The hard-coded value for min_filelist_kbytes in arc-stop-sysctl.conf is incorrect for some BOARDs |
||||||||
Issue descriptionWhat steps will reproduce the problem? (1) Flash R65-10188.0.0 to eve (2) Remove /etc/init/arc-*-sysctl.conf files from the device so that these scripts won't update min_filelist_kbytes. (3) Reboot the device. (4) ssh to the device, and run localhost ~ # sysctl vm.min_filelist_kbytes What is the expected result? vm.min_filelist_kbytes = 100000 What happens instead? vm.min_filelist_kbytes = 400000 Apparently, eve uses 400000 as the default/initial value for min_filelist_kbytes. However, because arc-stop-sysctl.conf unconditionally run 'sysctl vm.min_filelist_kbytes=100000' on stop-arc-instance, eve's min_filelist_kbytes becomes 100000 once ARC++ is shut down. It's probably time to stop hard-coding '100000' in arc-stop-sysctl.conf? (Not sure if this is a serious issue though. Opt-in users always execute arc-start-sysctl.conf on sign-in (and therefore it's set to 400000.) Opt-out users would execute neither arc-start-sysctl.conf nor arc-stop-sysctl.conf (therefore it remains in 400000.) The only ways I can think of to start the user's session with 100000 is: 1) boot, sign-in as an opt-in user, opt out from ARC++, sign out, sign in again, or 2) boot, sign in as an opt-in user, sign out, sign in as an opt-out user.)
,
Dec 5 2017
Yes, this can be a problem. (On platforms without ARC++ it's not a problem because we set min_filelist_kbytes to 100,000 by default.) So what's a good way of telling at boot if the user has previously opted out?
,
Dec 5 2017
I'm not sure if we can do anything at boot because 'sysctl vm.min_filelist_kbytes=100000' happens on stop-arc-instance (not on boot.) One idea to fix the issue is to consolidate arc-start-sysctl.conf and arc-stop-sysctl.conf into one, and remember the original value as an env value in the 'start' part of the script, and use the env in the 'stop' part later.

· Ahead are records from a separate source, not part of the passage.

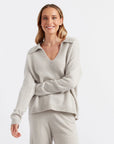 Pure Cashmere Summer Collared Sweater - TAUPE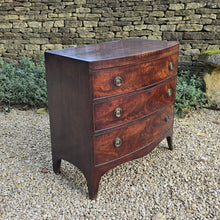 Load image into Gallery viewer, Excellent-example-late-18th-early-19th-century-mahogany-bow-fronted-chest-three-graduated-drawers-wonderful-colour-patination-loved-generation-family-central-london-chelsea-kings-road-fulham-alton-hampshire-war-bonnett-elegant-excellent-condition-for-sale-damon-blandford-antiques-stow-on-the-wold-cotswolds-antique-storage-furniture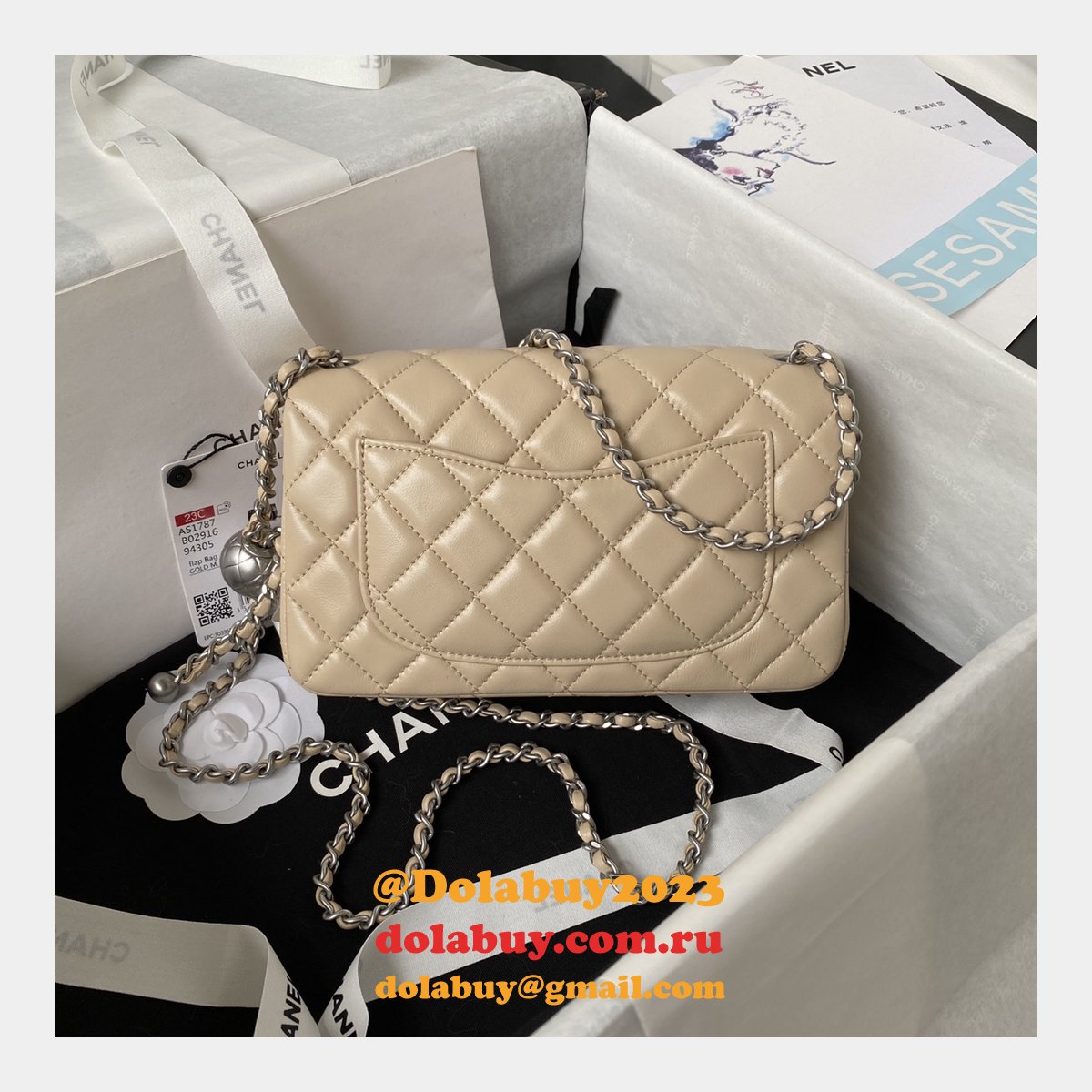 Luxury CC FLAP BAGS 20CM AS1787 SILVER BALL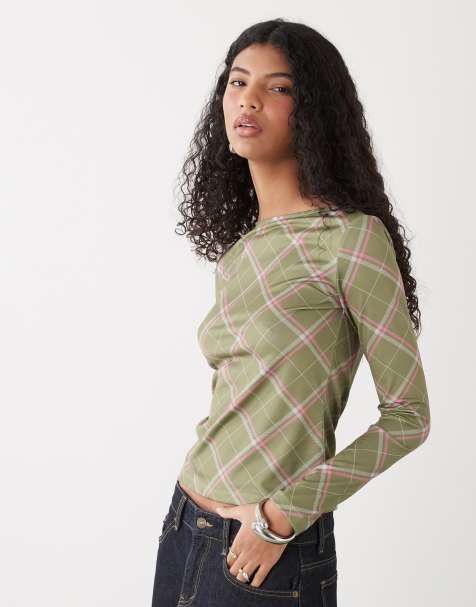 Reclaimed Vintage slash neck top in pink and olive plaid print - view 1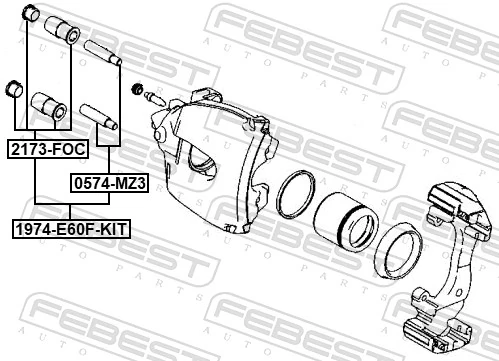 1974E60FKIT Febest Направляющая суппорта заднего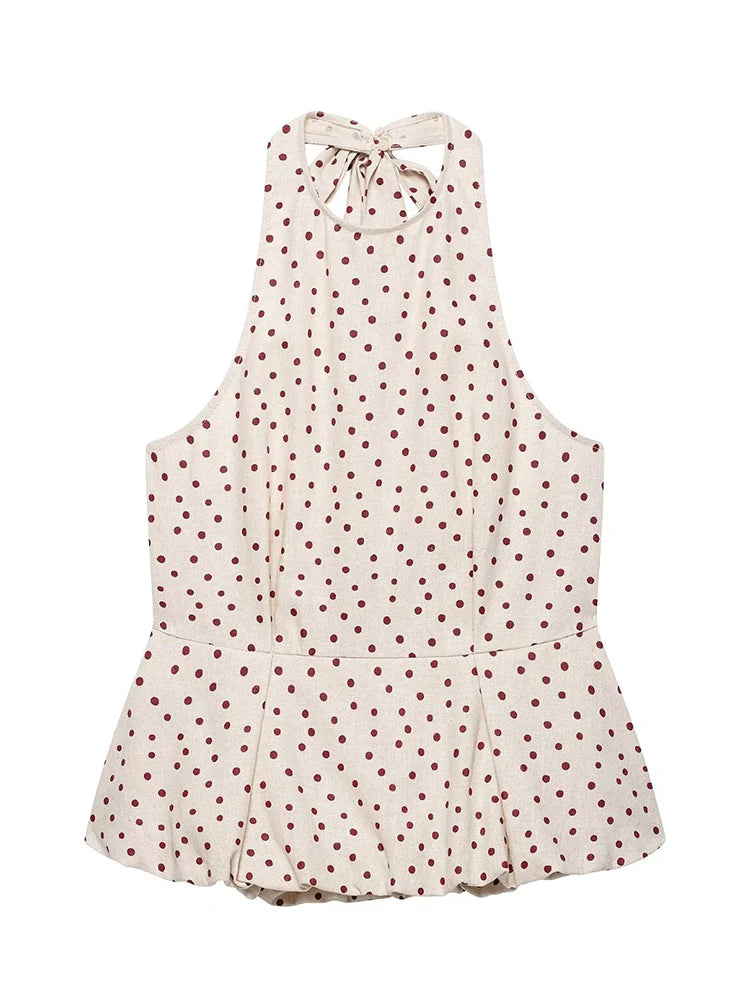 HH Women Summer Spring Fit Polka Dot Halter Neck Top Summer Sleeveless Peplum Linen Blend Blouse For Casual Summer Outfits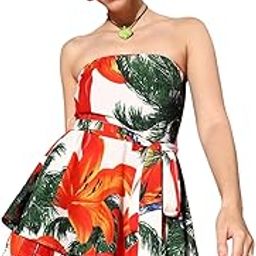 Women Tropical Printed Off-Shoulder Neck Waist Tie-Up Layered Mini Playsuit-image-40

Justin: what was the reason to have two separate Upstart scripts (-start- and -stop-) for this? I vaguely remember you explained the reason somewhere, but I can't recall.
,
Dec 5 2017
Yusuke: Here's the discussion that caused us to split this into two configs: https://chrome-internal-review.googlesource.com/c/chromeos/cheets-scripts/+/355569/2/arc-sysctl.conf#18 The main reason was to avoid delaying the "started" signal for start-arc-instance.
,
Dec 5 2017
#3 can we simply put the default value back to 100M, and rely on start-arc-instance + continue-arc-boot to change the value to 400M?
,
Dec 5 2017
comment #5 That seems like the best way to make things consistent. With that, when the container is running the value is 400k, otherwise it's 100k, without corner cases. (OT: BTW, now I fully understood what you meant at https://chrome-internal-review.googlesource.com/c/chromeos/autotest-cheets/+/521358/2/client/site_tests/cheets_SysctlTest/cheets_SysctlTest.py#19 . I wasn't aware of https://chromium-review.googlesource.com/c/chromiumos/overlays/chromiumos-overlay/+/540671 and didn't know that the default value right after boot was 400k on ARC-enabled devices. My auto test still detected issue 792152 because cheets_* auto tests brings up the container twice, not once, and runs the test only after the second container start.)
,
Dec 6 2017
Justin, I am giving you first pick. Let me know if you don't have time right now and I'll do it. I think it would be good to fix this ASAP, although a min_filelist_kbytes of 400MB without ARC++ is not as harmful as 100MB *with* ARC++ (which Yusuke has fixed).
,
Dec 6 2017
I'm a little squeezed at least tomorrow and probably the next day. I'd love if you could pick this up, but let me know if you can't, and I might be able to do something next week.
,
Dec 6 2017
Yes I should probably do this anyway as it involves swap.sh. It would be useful to have an answer to my question in #2 if possible: is there a simple way of telling at boot if ARC++ will or will not automatically start for the current session? And, similarly, is there a way of telling if ARC++ is running or not? The long story: swap.sh has a notion of "default value" for various memory manager settings. (Then there are board-specific and device-specific overrides, the former for board-tuning, the latter for experimenting. The overrides are fixed values, but that won't be a problem at least for now.) The default value is currently calculated by a function which returns 400M or 100M depending on whether the device is ARC++ enabled or not. I am wondering if I can change that function to reflect the actual status (i.e. enabled on board, but disabled by user) then this would be an easy fix.
,
Dec 6 2017
comment #9
> is there a simple way of telling at boot if ARC++ will or will not automatically start for the current session?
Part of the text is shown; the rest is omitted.